--- START ---
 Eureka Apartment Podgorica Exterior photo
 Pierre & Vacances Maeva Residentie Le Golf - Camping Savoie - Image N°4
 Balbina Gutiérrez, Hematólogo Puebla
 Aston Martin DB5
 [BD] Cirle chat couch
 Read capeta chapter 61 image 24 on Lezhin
--- END ---
--- START ---
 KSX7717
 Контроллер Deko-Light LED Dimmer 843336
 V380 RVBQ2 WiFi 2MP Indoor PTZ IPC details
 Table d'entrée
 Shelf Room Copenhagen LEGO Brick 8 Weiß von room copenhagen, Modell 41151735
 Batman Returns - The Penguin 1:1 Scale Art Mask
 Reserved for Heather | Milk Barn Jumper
--- END ---
Copy out only the lines above from the one with "Shelf Room Copenhagen" to the one with "Reserved for Heather | Milk Barn Jumper", inclusive, exactly as they stand.

# [Finished task]
 Shelf Room Copenhagen LEGO Brick 8 Weiß von room copenhagen, Modell 41151735
 Batman Returns - The Penguin 1:1 Scale Art Mask
 Reserved for Heather | Milk Barn Jumper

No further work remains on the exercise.